TASK INSTRUCTIONS — In full and unchanged, set down the entries that follow, with no images.

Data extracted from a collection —
======

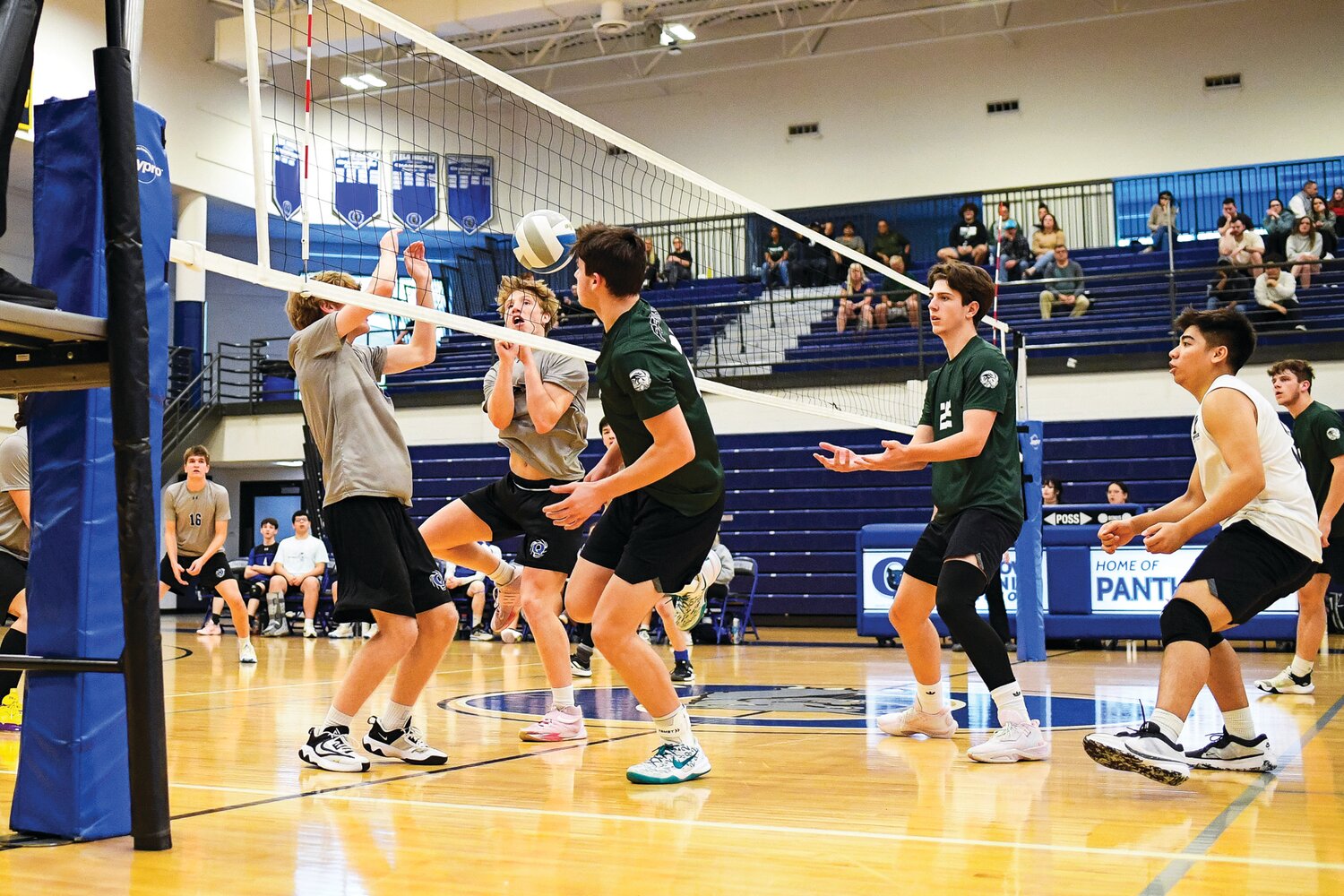 Quakertown’s Sean Gillin and Miles Longacre block the spike attempt of Pennridge’s Logan Jalosinski.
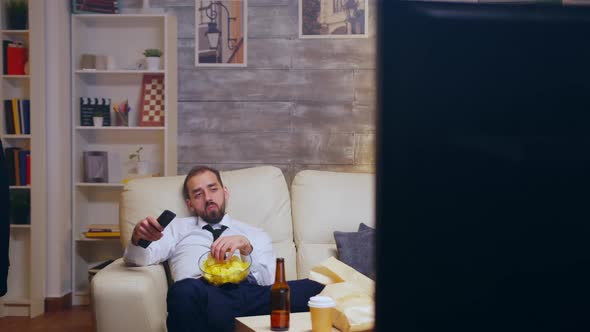 Tired and Bored Businessman with Tie Relaxing Watching Tv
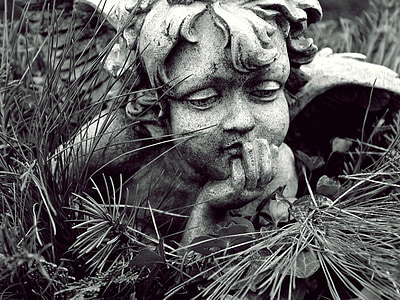 gray cherub on grass photo thumbnail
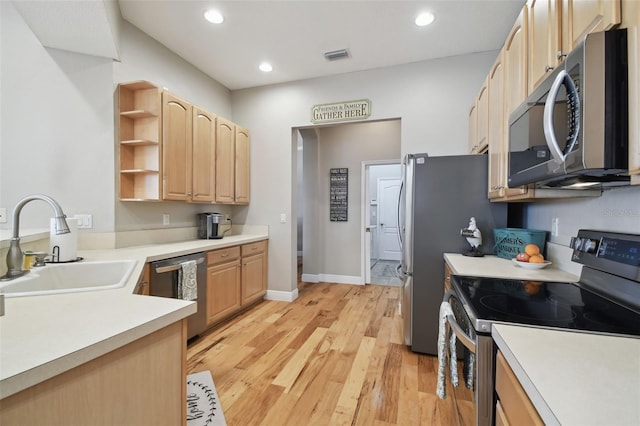 kitchen with sink, stainless steel appliances, light hardwood / wood-style floors, and light brown cabinetry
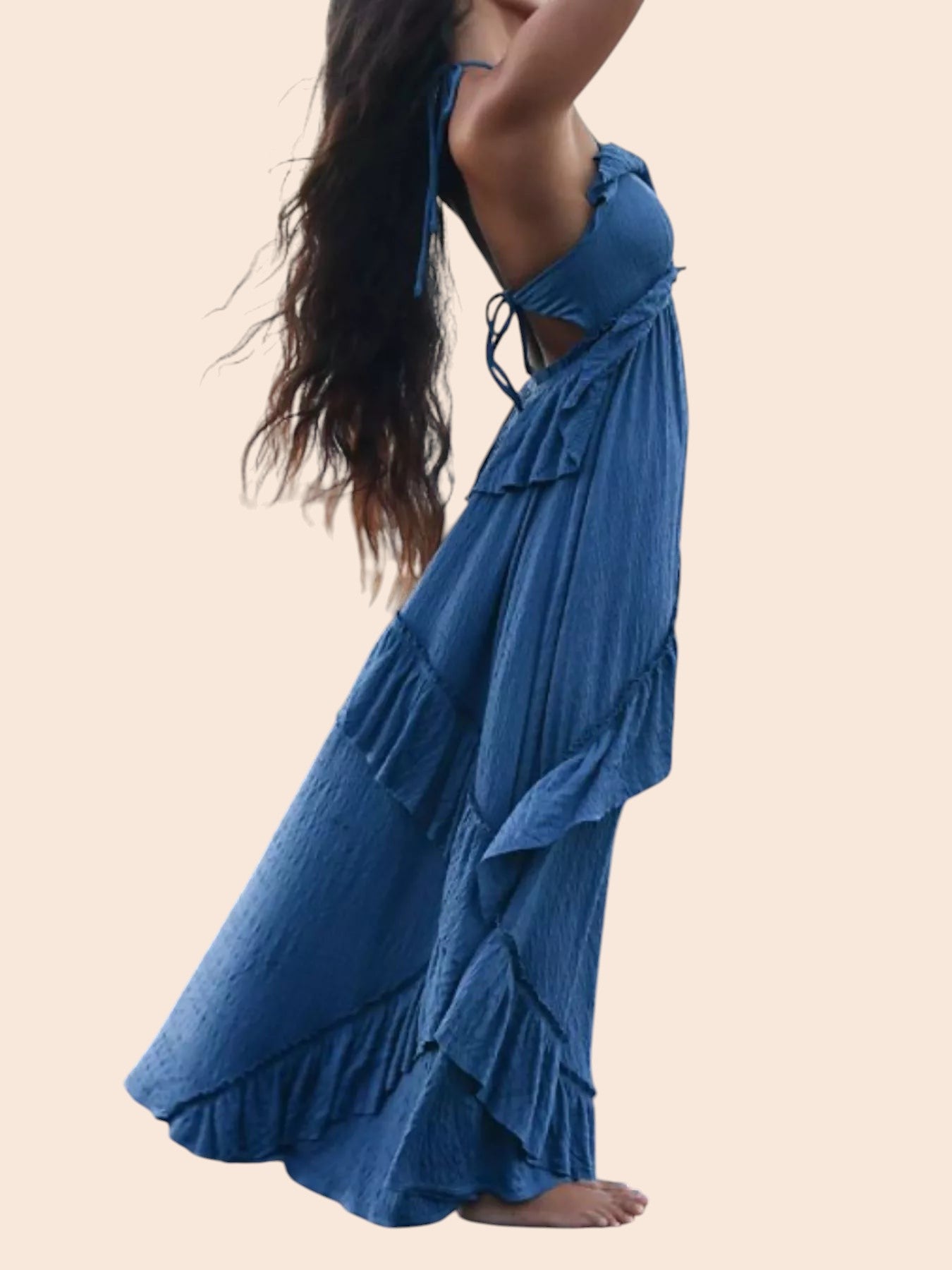 My Store blue ruffled tiered halter maxi dress with an open back, worn by a woman on a rocky beach at sunset.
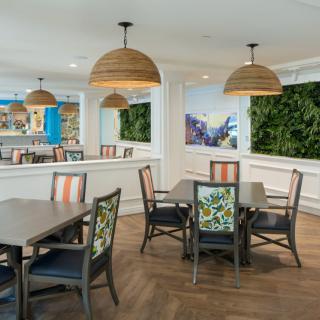 A modern dining area featuring wooden tables and chairs, pendant lighting, and vibrant plant decor.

======

TASK ANSWER —
 Quakertown’s Sean Gillin and Miles Longacre block the spike attempt of Pennridge’s Logan Jalosinski.
 Tired and Bored Businessman with Tie Relaxing Watching Tv
 gray cherub on grass photo thumbnail
 kitchen with sink, stainless steel appliances, light hardwood / wood-style floors, and light brown cabinetry
 My Store blue ruffled tiered halter maxi dress with an open back, worn by a woman on a rocky beach at sunset.
 A modern dining area featuring wooden tables and chairs, pendant lighting, and vibrant plant decor.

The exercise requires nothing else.